A SNPlex Genotyping System assay protocol can be completed within two days. On the first day, the OLA reaction, exonuclease purification, and PCR amplification are performed. On the second day, the amplicons are immobilized on streptavidin-coated microtiter plates. ZipChute probes are hybridized to complementary ZipCode sequences, and non-hybridized ZipChute probes are washed away. The bound ZipChute probes are eluted and analyzed by CE.

FIGURE 2

GeneMapper software analyzes the electropherogram of a SNPlex system sample (A). Two neighboring peaks indicate the genotype of a particular SNP. The software creates for each SNP a genotype plot and uses a clustering algorithm to assign genotypes. SNP genotypes can be displayed as a Cartesian plot (middle ) in which the intensity of both peaks is measured on the x and y axis, or as a polar plot (right), in which the intensity of the peaks is measured on the x axis (length of arrow in Cartesian plot), and the ratio of both peak heights (angle of arrow in Cartesian plot) is measured on the y axis. The data point at the top of the arrow in the Cartesian plot is circled in the polar plot. B Cluster plots representing three SNPs from the control pool probe set, analyzing 44 genomic DNAs eight times on one 384-well plate. in each plot, 352 genotype calls are shown.
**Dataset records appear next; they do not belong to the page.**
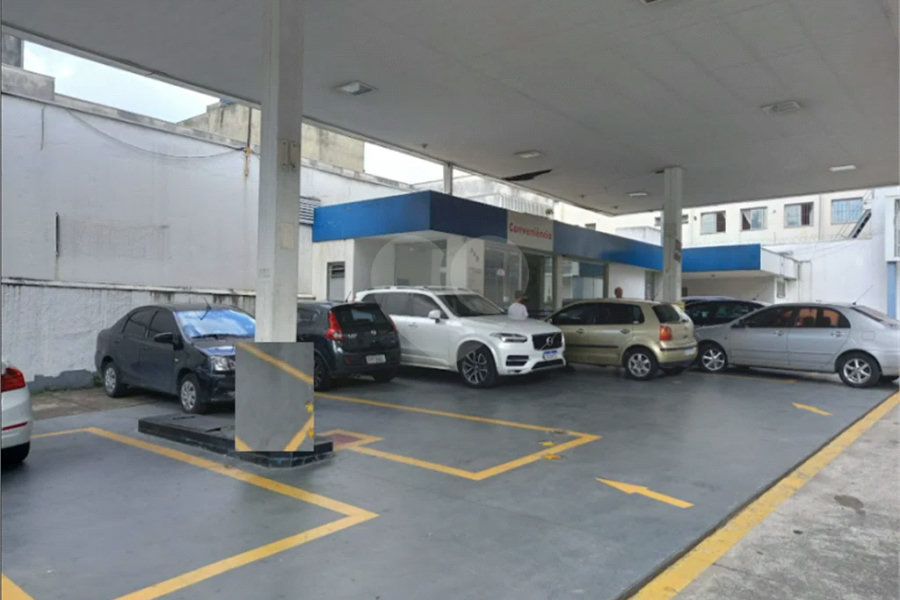Espaço ideal para posto de gasolina, farmácia e loja no Bom Retiro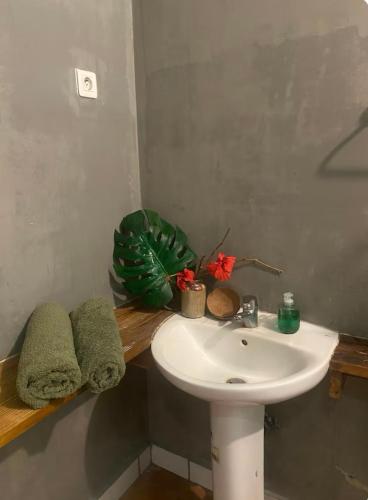 Φωτογραφία από το άλμπουμ του HeiAki Lodge Excursion Nukuhiva Chambre Hei σε Nuku Hiva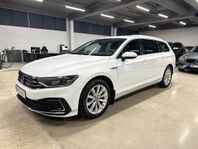 Volkswagen Passat  GTE 218hk Drag GPS Backkamera Värmare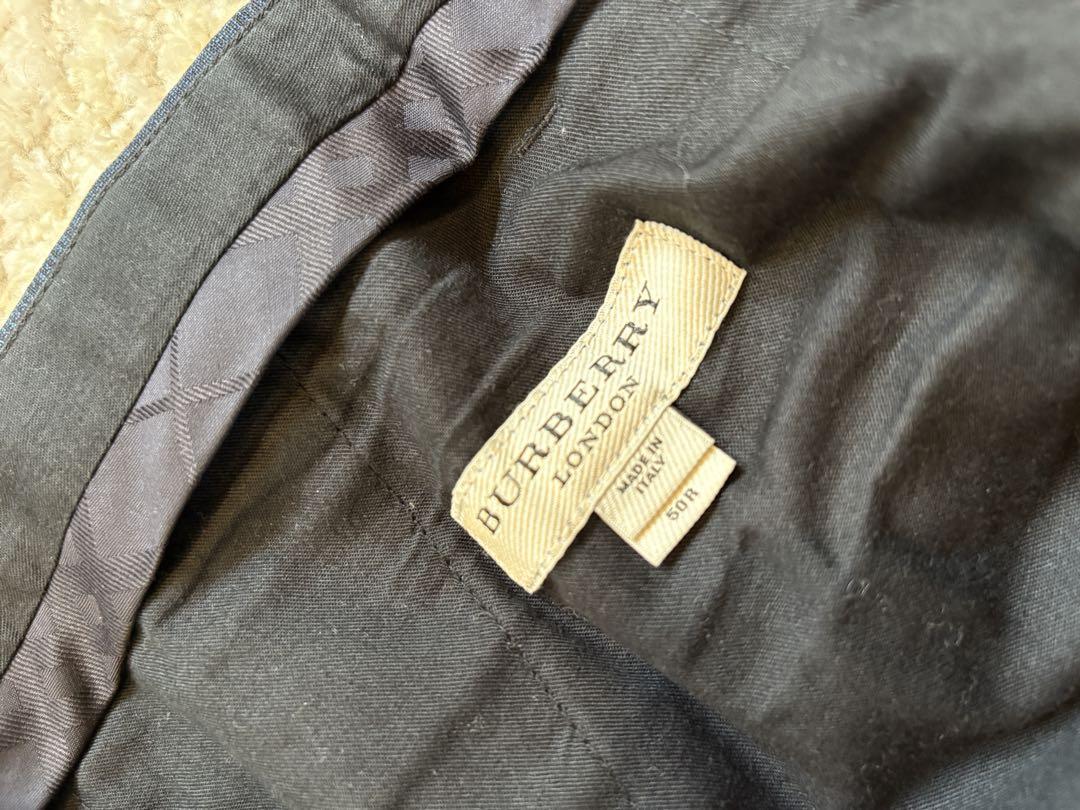 Burberry ダークブルー ビジネススーツ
The black square represents the position of a data point if no genomic DNA is used (non-template control).

FIGURE 3

User-defined SNPlex system assays are designed by means of a proprietary assay design pipeline, which can be accessed through the Applied Biosystems website. Ligation probes for individual SNP assays are designed using thermodynamic rules to ensure annealing specificity and efficiency. each probe undergoes extensive genome screening and is filtered for secondary structure or probe-probe chimeras. After the SNP-specific probes are designed, stringent rules are used to determine optimal probe-pool composition. assay annotations and allele calling information are provided as assay information files (AIF) on CD-ROM.